The crude materials of an inapplicable knowledge lie in the mind only to ferment, perhaps to mount in noxious exhalation, or perhaps to vegetate in poisonous luxuriance.

That these consequences may not reward the spurious philanthropy of the times in which we live, is the earnest hope of the writer of these pages; but the only certain way of obviating such consequences, is to promote a direct instruction in scriptural and vital knowledge among those who are to live by the labour of their hands, in opposition to that unholy dogma which dictates a general and secular education as a preparative to the introduction of Christian doctrines. With the poorer classes, the Gospel is the end and means of instruction. Practical religion is the alpha and omega of their proper discipline; it is the most rapid way of generating an intellectual character among them: if it prompt to other inquiries and attainments, as it will often do, the great point is at the same time secured, of bringing those attainments into subserviency to a godly conscience: it keeps the heart whole, the affections chaste, and the practice steady; it may not excite genius, but it exercises wisdom;

and if it do not multiply the possibilities of eventual excellence, it secures the realities of actual good.

It is among God's plain appointments, that popular ignorance is not to be dispelled by a secular, or even a philosophical education. By throwing in certain ingredients, which general education may furnish, it may be made to boil and bubble, to fume and roar-but it will be ignorance still, in a more turbid and noxious state. None of that knowledge which lays the foundation of good neighbourhood, kind habits, political contentedness, and moral obedience, will be the result; while numbers will be added to the dupes of inflammatory falsehoods, and the victims of a debauching press.
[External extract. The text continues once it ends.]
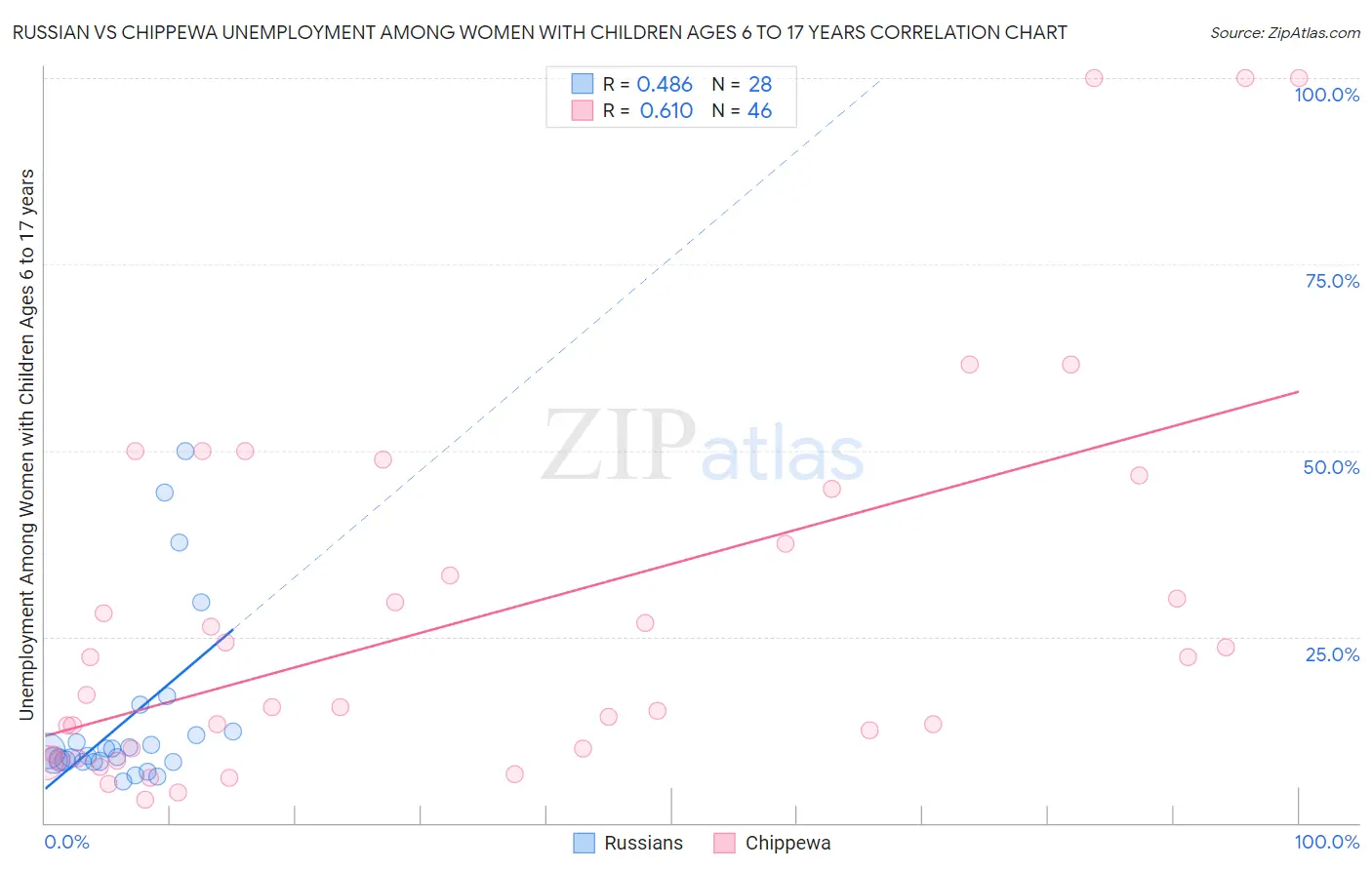 Russian vs Chippewa Unemployment Among Women with Children Ages 6 to 17 years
No good can come of any discipline for the common people, but that which may open their eyes to their awful predicament as accountable creatures.
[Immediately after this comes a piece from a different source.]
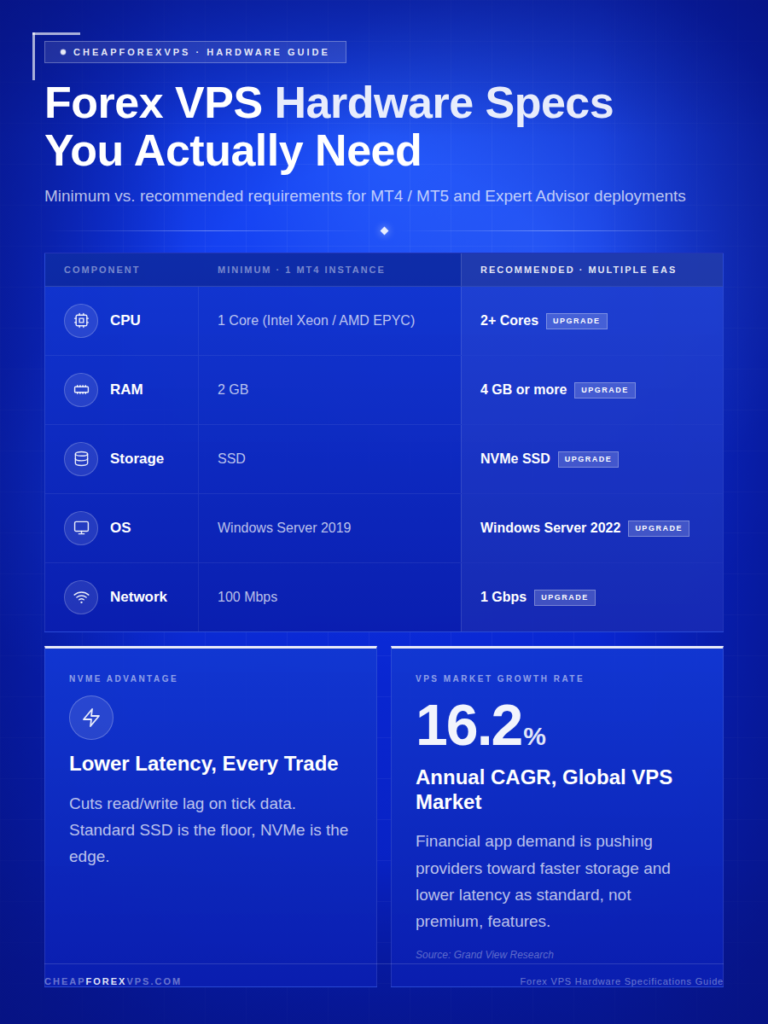 Forex VPS Hardware Specs You Actually Need — minimum vs. recommended requirements for MT4/MT5 and EA deployments: CPU from 1 core up to 2+ cores, RAM from 2GB up to 4GB, storage from SSD up to NVMe SSD, OS from Windows Server 2019 up to 2022, and network from 100Mbps up to 1Gbps. Global VPS market growing at 16.2% annual CAGR driven by financial app demand.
But to come a little more to points. Has not the prevailing disposition towards physical inquiries produced an inordinate and contumacious spirit of research, under the pretext of an unlimited love of truth? Has it not, in some degree, perplexed the great landmarks by which the provinces of mathematical and moral evidence are authentically divided? Has it not tended to make man himself too unreservedly a subject of

experiment? Has it not led many to regard their species as an object of natural history, an aggregation of functions, and mind as the mere result of structure and organization?

These intimations are thrown out by way of general caution against the dangerous inroads of science on that sacred ground, into which modern philosophy is beginning to introduce the dry bones of her diagrams, and the smoke of her furnaces.”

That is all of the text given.